In the entries below, repeat only the lines between those holding "X0000116431462200912081514" and "Gloomy morning von Viktor Bauer", inclusive. Leave pictures out.

### Raw data
════

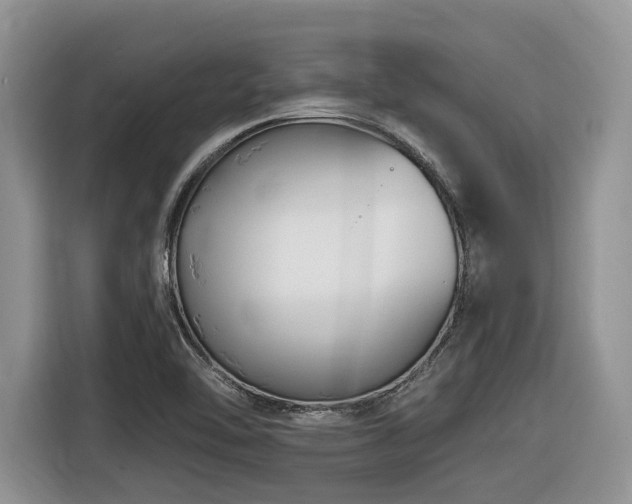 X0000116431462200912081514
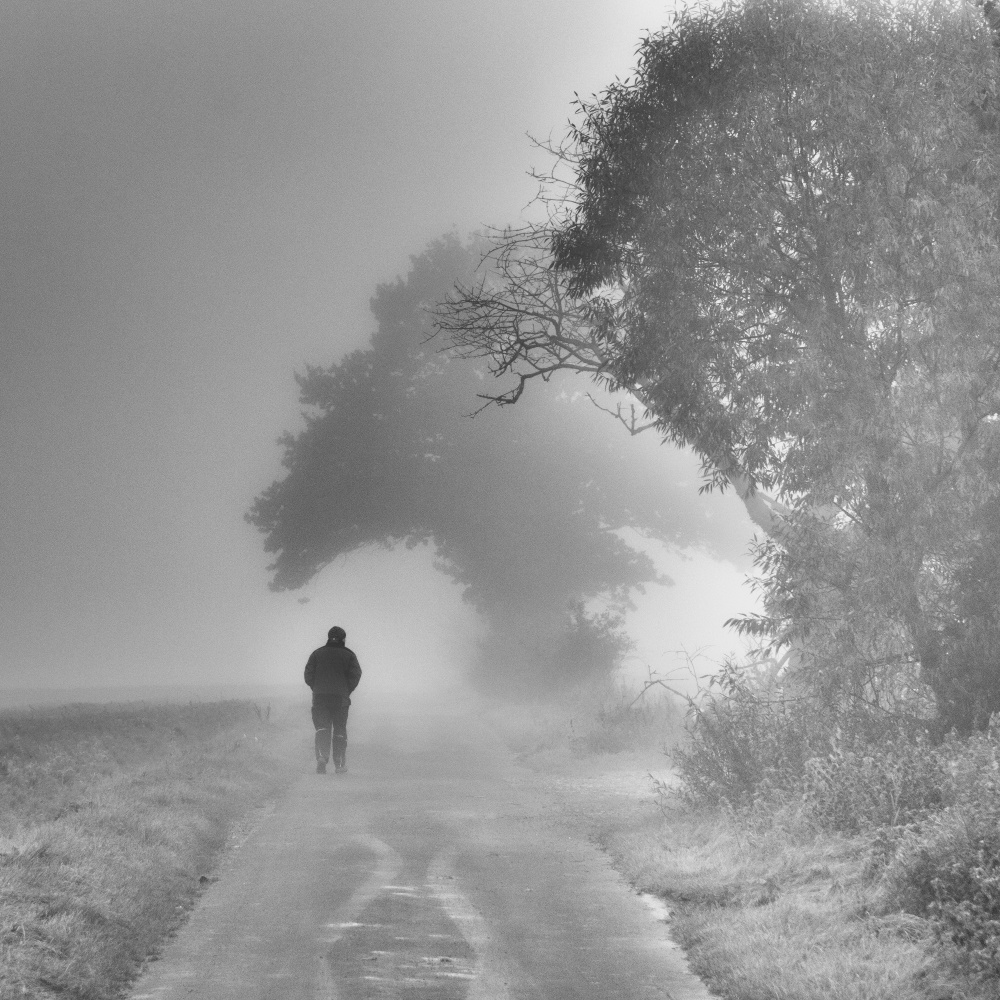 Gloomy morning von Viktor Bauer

════

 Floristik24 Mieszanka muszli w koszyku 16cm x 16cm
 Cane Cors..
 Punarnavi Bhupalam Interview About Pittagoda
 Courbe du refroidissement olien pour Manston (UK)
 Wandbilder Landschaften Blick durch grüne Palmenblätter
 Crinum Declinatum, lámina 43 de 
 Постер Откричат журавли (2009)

════

### Task result
 X0000116431462200912081514
 Gloomy morning von Viktor Bauer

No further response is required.